Could you copy every entry exactly, with nothing changed?

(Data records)
BEGIN
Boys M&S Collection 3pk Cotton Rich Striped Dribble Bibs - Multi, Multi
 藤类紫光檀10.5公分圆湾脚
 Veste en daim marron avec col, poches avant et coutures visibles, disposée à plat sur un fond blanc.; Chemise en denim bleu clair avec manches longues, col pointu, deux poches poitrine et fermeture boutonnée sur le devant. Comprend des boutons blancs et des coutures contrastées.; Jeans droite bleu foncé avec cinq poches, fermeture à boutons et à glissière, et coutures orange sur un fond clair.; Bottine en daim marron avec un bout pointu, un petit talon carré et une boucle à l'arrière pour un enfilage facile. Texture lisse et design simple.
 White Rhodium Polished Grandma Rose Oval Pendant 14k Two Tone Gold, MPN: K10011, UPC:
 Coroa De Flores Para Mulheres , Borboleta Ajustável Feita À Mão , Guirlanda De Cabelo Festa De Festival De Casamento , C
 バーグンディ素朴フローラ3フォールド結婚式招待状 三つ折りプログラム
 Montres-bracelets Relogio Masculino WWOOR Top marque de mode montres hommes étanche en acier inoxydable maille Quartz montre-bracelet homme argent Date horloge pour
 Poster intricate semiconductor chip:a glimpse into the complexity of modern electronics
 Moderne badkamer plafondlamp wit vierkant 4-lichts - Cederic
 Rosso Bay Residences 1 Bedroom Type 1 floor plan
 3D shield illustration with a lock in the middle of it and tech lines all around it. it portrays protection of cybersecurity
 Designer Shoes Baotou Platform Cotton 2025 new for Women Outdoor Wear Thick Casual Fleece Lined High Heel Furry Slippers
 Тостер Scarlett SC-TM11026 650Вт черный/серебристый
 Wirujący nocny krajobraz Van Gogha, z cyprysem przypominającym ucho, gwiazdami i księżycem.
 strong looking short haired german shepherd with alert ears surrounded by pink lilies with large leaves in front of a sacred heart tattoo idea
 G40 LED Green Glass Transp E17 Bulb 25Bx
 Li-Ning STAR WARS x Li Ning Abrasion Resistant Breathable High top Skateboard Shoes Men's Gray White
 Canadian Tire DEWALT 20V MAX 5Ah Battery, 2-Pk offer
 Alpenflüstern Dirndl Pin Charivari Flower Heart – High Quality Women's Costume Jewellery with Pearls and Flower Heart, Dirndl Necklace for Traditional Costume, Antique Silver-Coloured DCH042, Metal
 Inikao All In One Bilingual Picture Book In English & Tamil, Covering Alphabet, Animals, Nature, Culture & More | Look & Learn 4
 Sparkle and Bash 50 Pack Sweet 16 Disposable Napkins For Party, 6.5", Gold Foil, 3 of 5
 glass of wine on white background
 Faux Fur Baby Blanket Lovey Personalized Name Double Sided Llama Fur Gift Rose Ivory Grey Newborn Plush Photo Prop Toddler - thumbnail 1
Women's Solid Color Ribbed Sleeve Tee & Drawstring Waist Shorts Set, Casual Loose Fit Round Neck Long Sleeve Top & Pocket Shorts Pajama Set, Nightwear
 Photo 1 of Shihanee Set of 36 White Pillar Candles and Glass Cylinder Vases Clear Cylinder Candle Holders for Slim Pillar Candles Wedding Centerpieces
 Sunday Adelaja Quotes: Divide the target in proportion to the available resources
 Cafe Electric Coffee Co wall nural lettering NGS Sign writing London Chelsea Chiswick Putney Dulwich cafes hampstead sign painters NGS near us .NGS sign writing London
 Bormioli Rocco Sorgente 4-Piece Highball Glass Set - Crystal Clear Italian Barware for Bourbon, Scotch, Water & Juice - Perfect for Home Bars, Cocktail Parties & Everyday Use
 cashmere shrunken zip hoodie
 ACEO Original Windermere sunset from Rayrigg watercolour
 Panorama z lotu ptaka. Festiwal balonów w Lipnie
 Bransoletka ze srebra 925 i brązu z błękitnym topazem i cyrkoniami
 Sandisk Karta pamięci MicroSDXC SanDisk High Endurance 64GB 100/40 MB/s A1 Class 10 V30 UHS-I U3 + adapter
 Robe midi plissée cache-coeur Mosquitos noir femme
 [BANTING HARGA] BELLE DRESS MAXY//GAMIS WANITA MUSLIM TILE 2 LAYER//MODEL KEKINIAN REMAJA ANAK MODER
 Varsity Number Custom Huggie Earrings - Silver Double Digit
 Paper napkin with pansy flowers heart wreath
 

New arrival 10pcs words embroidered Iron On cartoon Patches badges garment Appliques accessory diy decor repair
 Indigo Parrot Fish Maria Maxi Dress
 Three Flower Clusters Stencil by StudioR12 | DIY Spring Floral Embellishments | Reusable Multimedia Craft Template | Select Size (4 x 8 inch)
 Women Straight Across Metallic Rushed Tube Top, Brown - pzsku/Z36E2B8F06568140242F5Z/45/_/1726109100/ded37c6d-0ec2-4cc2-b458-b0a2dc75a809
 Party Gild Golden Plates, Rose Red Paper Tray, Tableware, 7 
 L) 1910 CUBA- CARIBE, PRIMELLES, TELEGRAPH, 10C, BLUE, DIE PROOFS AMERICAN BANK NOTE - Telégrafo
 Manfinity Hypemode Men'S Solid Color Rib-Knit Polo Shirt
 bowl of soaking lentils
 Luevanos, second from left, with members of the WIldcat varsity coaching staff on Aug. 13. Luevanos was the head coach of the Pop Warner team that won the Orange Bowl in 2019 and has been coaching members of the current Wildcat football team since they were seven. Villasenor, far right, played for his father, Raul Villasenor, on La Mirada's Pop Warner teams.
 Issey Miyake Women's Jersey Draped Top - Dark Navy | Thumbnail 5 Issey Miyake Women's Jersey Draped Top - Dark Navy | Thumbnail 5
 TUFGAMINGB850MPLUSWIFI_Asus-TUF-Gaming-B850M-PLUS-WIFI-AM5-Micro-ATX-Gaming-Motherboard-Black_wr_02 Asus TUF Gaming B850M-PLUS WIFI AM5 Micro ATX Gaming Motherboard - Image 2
END
**Problem solution:**
Boys M&S Collection 3pk Cotton Rich Striped Dribble Bibs - Multi, Multi
 藤类紫光檀10.5公分圆湾脚
 Veste en daim marron avec col, poches avant et coutures visibles, disposée à plat sur un fond blanc.; Chemise en denim bleu clair avec manches longues, col pointu, deux poches poitrine et fermeture boutonnée sur le devant. Comprend des boutons blancs et des coutures contrastées.; Jeans droite bleu foncé avec cinq poches, fermeture à boutons et à glissière, et coutures orange sur un fond clair.; Bottine en daim marron avec un bout pointu, un petit talon carré et une boucle à l'arrière pour un enfilage facile. Texture lisse et design simple.
 White Rhodium Polished Grandma Rose Oval Pendant 14k Two Tone Gold, MPN: K10011, UPC:
 Coroa De Flores Para Mulheres , Borboleta Ajustável Feita À Mão , Guirlanda De Cabelo Festa De Festival De Casamento , C
 バーグンディ素朴フローラ3フォールド結婚式招待状 三つ折りプログラム
 Montres-bracelets Relogio Masculino WWOOR Top marque de mode montres hommes étanche en acier inoxydable maille Quartz montre-bracelet homme argent Date horloge pour
 Poster intricate semiconductor chip:a glimpse into the complexity of modern electronics
 Moderne badkamer plafondlamp wit vierkant 4-lichts - Cederic
 Rosso Bay Residences 1 Bedroom Type 1 floor plan
 3D shield illustration with a lock in the middle of it and tech lines all around it. it portrays protection of cybersecurity
 Designer Shoes Baotou Platform Cotton 2025 new for Women Outdoor Wear Thick Casual Fleece Lined High Heel Furry Slippers
 Тостер Scarlett SC-TM11026 650Вт черный/серебристый
 Wirujący nocny krajobraz Van Gogha, z cyprysem przypominającym ucho, gwiazdami i księżycem.
 strong looking short haired german shepherd with alert ears surrounded by pink lilies with large leaves in front of a sacred heart tattoo idea
 G40 LED Green Glass Transp E17 Bulb 25Bx
 Li-Ning STAR WARS x Li Ning Abrasion Resistant Breathable High top Skateboard Shoes Men's Gray White
 Canadian Tire DEWALT 20V MAX 5Ah Battery, 2-Pk offer
 Alpenflüstern Dirndl Pin Charivari Flower Heart – High Quality Women's Costume Jewellery with Pearls and Flower Heart, Dirndl Necklace for Traditional Costume, Antique Silver-Coloured DCH042, Metal
 Inikao All In One Bilingual Picture Book In English & Tamil, Covering Alphabet, Animals, Nature, Culture & More | Look & Learn 4
 Sparkle and Bash 50 Pack Sweet 16 Disposable Napkins For Party, 6.5", Gold Foil, 3 of 5
 glass of wine on white background
 Faux Fur Baby Blanket Lovey Personalized Name Double Sided Llama Fur Gift Rose Ivory Grey Newborn Plush Photo Prop Toddler - thumbnail 1
Women's Solid Color Ribbed Sleeve Tee & Drawstring Waist Shorts Set, Casual Loose Fit Round Neck Long Sleeve Top & Pocket Shorts Pajama Set, Nightwear
 Photo 1 of Shihanee Set of 36 White Pillar Candles and Glass Cylinder Vases Clear Cylinder Candle Holders for Slim Pillar Candles Wedding Centerpieces
 Sunday Adelaja Quotes: Divide the target in proportion to the available resources
 Cafe Electric Coffee Co wall nural lettering NGS Sign writing London Chelsea Chiswick Putney Dulwich cafes hampstead sign painters NGS near us .NGS sign writing London
 Bormioli Rocco Sorgente 4-Piece Highball Glass Set - Crystal Clear Italian Barware for Bourbon, Scotch, Water & Juice - Perfect for Home Bars, Cocktail Parties & Everyday Use
 cashmere shrunken zip hoodie
 ACEO Original Windermere sunset from Rayrigg watercolour
 Panorama z lotu ptaka. Festiwal balonów w Lipnie
 Bransoletka ze srebra 925 i brązu z błękitnym topazem i cyrkoniami
 Sandisk Karta pamięci MicroSDXC SanDisk High Endurance 64GB 100/40 MB/s A1 Class 10 V30 UHS-I U3 + adapter
 Robe midi plissée cache-coeur Mosquitos noir femme
 [BANTING HARGA] BELLE DRESS MAXY//GAMIS WANITA MUSLIM TILE 2 LAYER//MODEL KEKINIAN REMAJA ANAK MODER
 Varsity Number Custom Huggie Earrings - Silver Double Digit
 Paper napkin with pansy flowers heart wreath
 

New arrival 10pcs words embroidered Iron On cartoon Patches badges garment Appliques accessory diy decor repair
 Indigo Parrot Fish Maria Maxi Dress
 Three Flower Clusters Stencil by StudioR12 | DIY Spring Floral Embellishments | Reusable Multimedia Craft Template | Select Size (4 x 8 inch)
 Women Straight Across Metallic Rushed Tube Top, Brown - pzsku/Z36E2B8F06568140242F5Z/45/_/1726109100/ded37c6d-0ec2-4cc2-b458-b0a2dc75a809
 Party Gild Golden Plates, Rose Red Paper Tray, Tableware, 7 
 L) 1910 CUBA- CARIBE, PRIMELLES, TELEGRAPH, 10C, BLUE, DIE PROOFS AMERICAN BANK NOTE - Telégrafo
 Manfinity Hypemode Men'S Solid Color Rib-Knit Polo Shirt
 bowl of soaking lentils
 Luevanos, second from left, with members of the WIldcat varsity coaching staff on Aug. 13. Luevanos was the head coach of the Pop Warner team that won the Orange Bowl in 2019 and has been coaching members of the current Wildcat football team since they were seven. Villasenor, far right, played for his father, Raul Villasenor, on La Mirada's Pop Warner teams.
 Issey Miyake Women's Jersey Draped Top - Dark Navy | Thumbnail 5 Issey Miyake Women's Jersey Draped Top - Dark Navy | Thumbnail 5
 TUFGAMINGB850MPLUSWIFI_Asus-TUF-Gaming-B850M-PLUS-WIFI-AM5-Micro-ATX-Gaming-Motherboard-Black_wr_02 Asus TUF Gaming B850M-PLUS WIFI AM5 Micro ATX Gaming Motherboard - Image 2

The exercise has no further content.